There’s not a direct train from Gouda to Delft. We had to go to Rotterdam and from there we caught the train to Delft. As we had to wait around 20 minutes for the train, we went outside of the train station to have a brief look at Rotterdam and to take a few pictures.
It was about 13 o’clock when we arrived in Delft. We went towards the city center and we found a busy city.
We stopped to eat our sandwiches. While we were having lunch on a bench near the canal, there was a swan and some ducks that approached us. It was the first time I saw a swan!

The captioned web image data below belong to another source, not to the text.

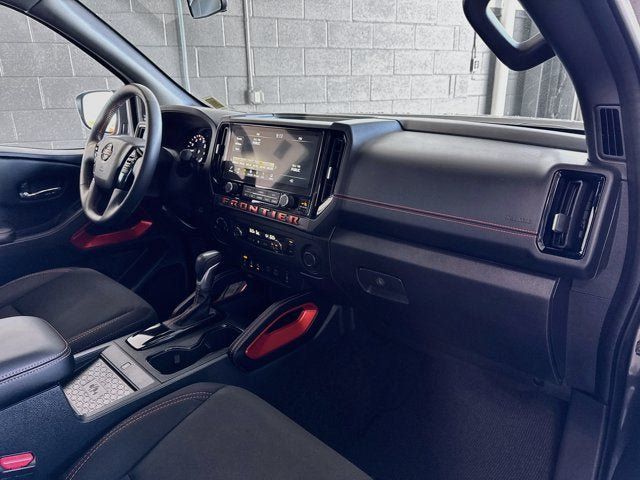 Used 2025 Nissan Frontier PRO-4X w/ Pro Convenience Package AWD/4WD image 22
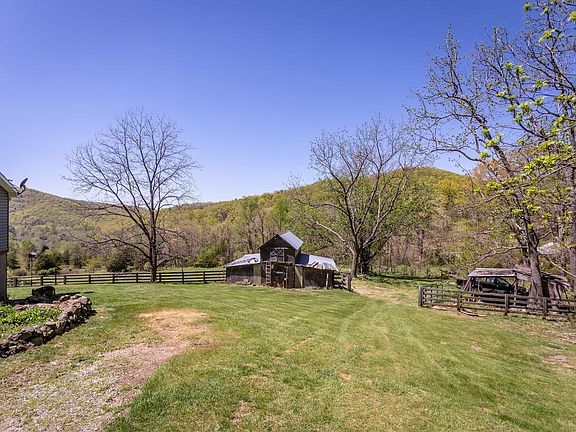 3rd image of 5689 Bear Foot Ln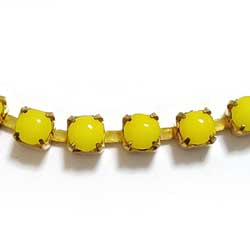 ラインストーンチェーン　１３ＳＳ　オペークイエロー　真鍮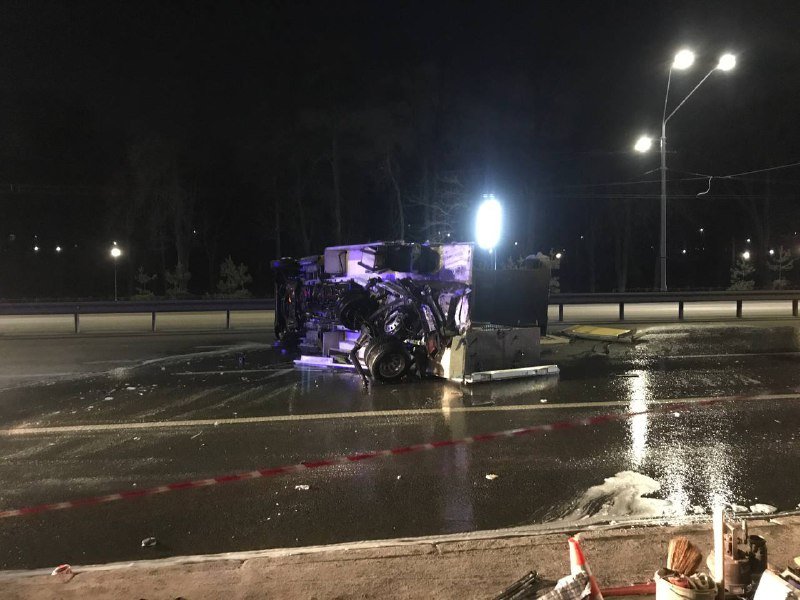 В Киеве на Шулявке BMW влетел в грузовик коммунальщиков и превратился в груду металла 3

Wu, who was trying to give some food to the swan, was bitten by it.
After lunch, we walked towards the “Nieuwe Kerk” (New Church), passing by “Maria van Jessekerk” (Maria van Jesse Church). This church built between 1875 and 1882 was originally erected in honor of St. Joseph. Thus, it was known as “Sint Jozefkerk” (St. Joseph Church). It was not before 1971 that its name was changed to “Maria van Jessekerk”. Maria van Jesse Church was the first Catholic church established in the city center after the Reformation.
We visited the “Nieuwe Kerk” (New Church). Unfortunately, due to the bad weather, we were not allowed to climb the 108,75 meters tower, which is the second highest church tower in the Netherlands. So, we just bought the ticket to visit the church.
What most caught our attention inside the Church was the Mausoleum of William of Orange, known in Netherlands as “Father of the Fatherland”.
The Church’s stained glasses are also very beautiful.
The New Church’s tower is blackened on its top and it gave us the impression of fire damage. But no. Although the tower was damaged by a fire in the past, it burned down to the ground and a new one was built. The black color we can see nowadays is the consequence of the acid rain. Bentheimer sandstone was used to build the top of the tower and acid rain causes it to darken over time.
When we left the New Church we found the Markt Square very busy. Sinterklaas had arrived in Delft on that day, so people were gathering in front of the City Hall to welcome him. Many of them were dressed as “Zwarte Pieten” (Black Peters), the Sinterklaas helpers. One of them gave us “kruidnoten”, which are small gingerbread-like cookies.
If there is a New Church, it means there must be an Old Church, too. The “Oude Kerk” (Old Church) was founded as St. Bartholomew Church in 1246. As the Church was built right next to the canal, in 1325, when plans were made to build a tower, the only free space for it was the canal. So the canal was diverted and filled in and the tower was built on top of it. As a consequence, the tower started to subside. Luckily it was stabilized. Nowadays, the most recognizable feature of the Old Church is its leaning tower, which leans about 2 meters from the vertical.
Before leaving Delft we had a walk in the Garden of the “Prinsenhof” (The Court of the Prince), in witch there’s a statue of William of Orange also known as William the Silent.
We went back to the train station to catch the train to Den Haag, the final destination of our trip.